■ **Web page caption snippets**
________________________

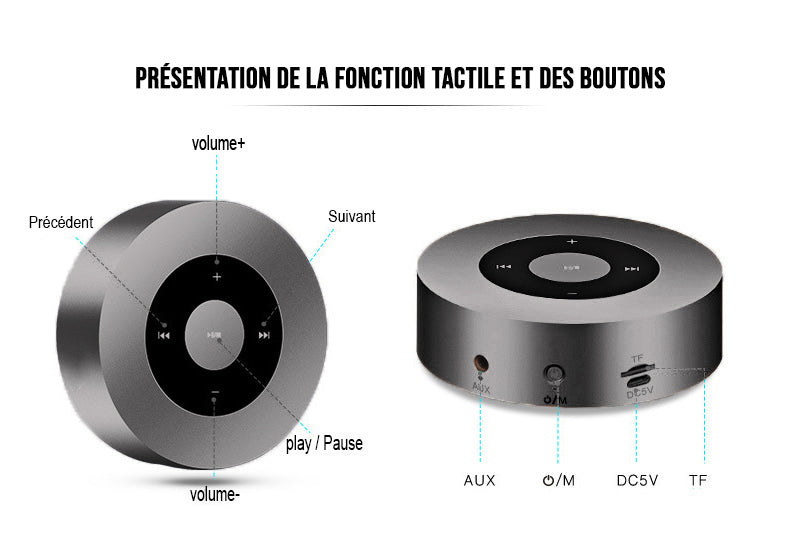 Haut-parleur Bluetooth Éclairé avec Micro Intégré et Son Exceptionnel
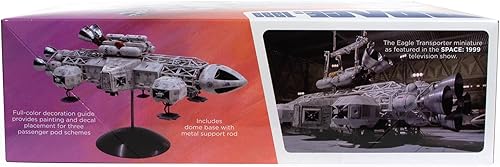 Miniatura 2 de MPC Espacio de 14 pulgadas: Eagle 4 1999 con kit de modelo a escala 1:72 con cápsula de laboratorio y refuerzo de columna vertebral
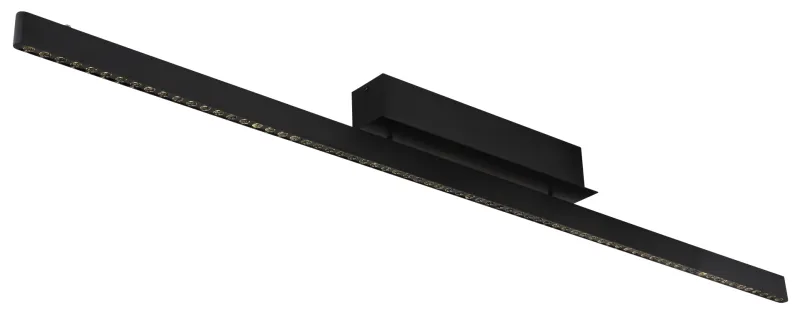 Dentsy 120cm Sort loftslampe Fra Globo Lighting - Med den smidiga touchknappen f&ouml;r av/p&aring; och den stegl&ouml;sa touchdimmern kan du enkelt justera ljusstyrkan efter &ouml;nskem&aring;l.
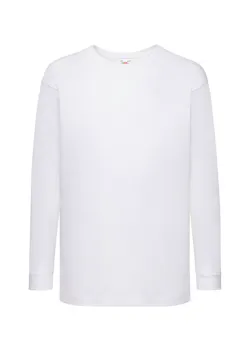 Fruit of The Loom F240K Valueweight T-shirt Long Sleeve Regular Fit Kinderen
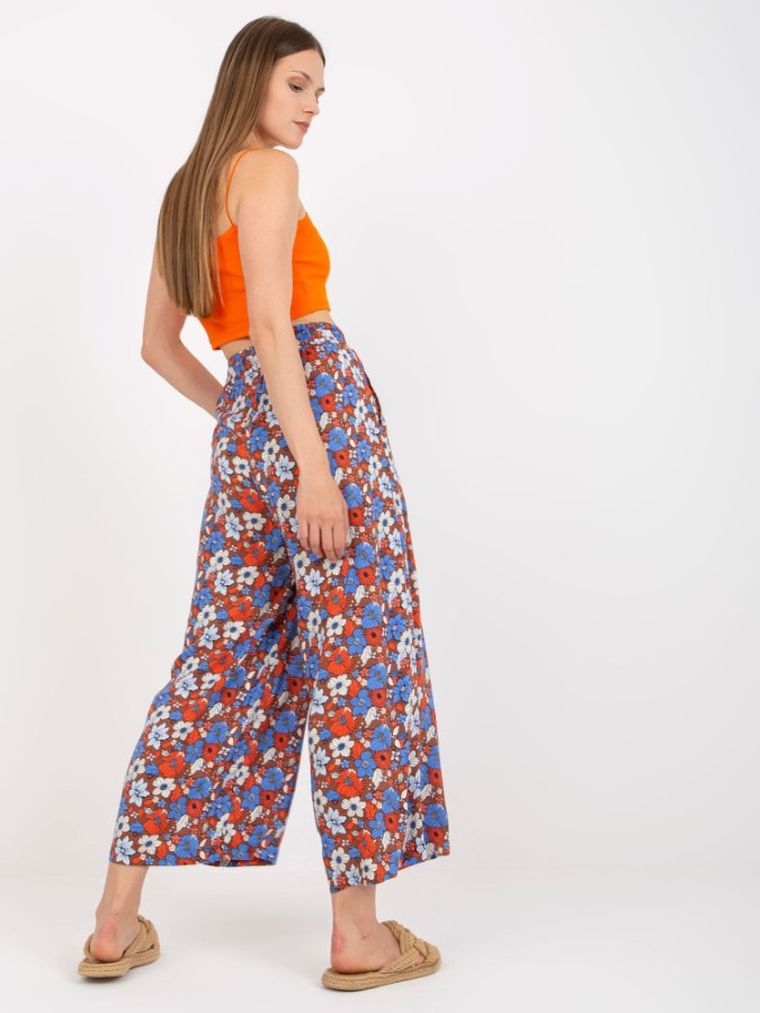 Spodnie materiałowe damskie, brązowe, Sublevel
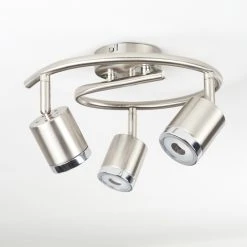 Hofstein Autilla Deckenleuchte LED Nickel-Matt, Weiß, 3-flammig -LED Leuchten Verkäufe 2022 autilla deckenleuchte h3590799 7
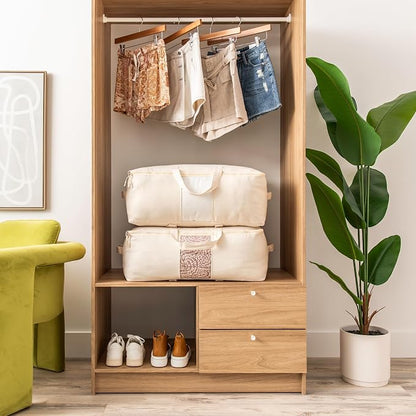 Soft Canvas Storage Bags with Zipper. Thick Breathable - Image 5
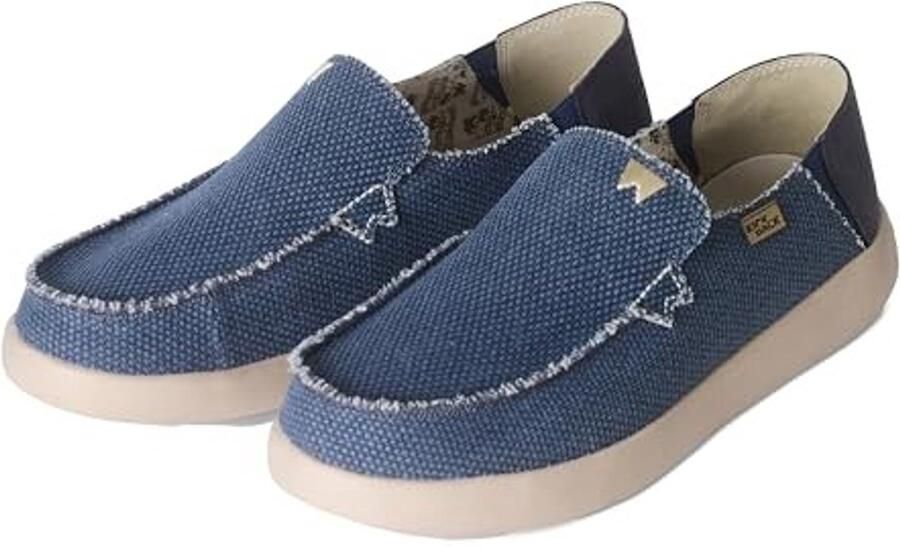 Canvas Loafers Lichtgewicht Casual Diep Navy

________________________

■ **Required work**
What is needed is an exact transcription of the lines from the one containing "Dentsy 120cm Sort" through the last line of the records above, both included, with no pictures.

■ **Solution**
 Dentsy 120cm Sort loftslampe Fra Globo Lighting - Med den smidiga touchknappen f&ouml;r av/p&aring; och den stegl&ouml;sa touchdimmern kan du enkelt justera ljusstyrkan efter &ouml;nskem&aring;l.
 Fruit of The Loom F240K Valueweight T-shirt Long Sleeve Regular Fit Kinderen
 Spodnie materiałowe damskie, brązowe, Sublevel
 Hofstein Autilla Deckenleuchte LED Nickel-Matt, Weiß, 3-flammig -LED Leuchten Verkäufe 2022 autilla deckenleuchte h3590799 7
 Soft Canvas Storage Bags with Zipper. Thick Breathable - Image 5
 Canvas Loafers Lichtgewicht Casual Diep Navy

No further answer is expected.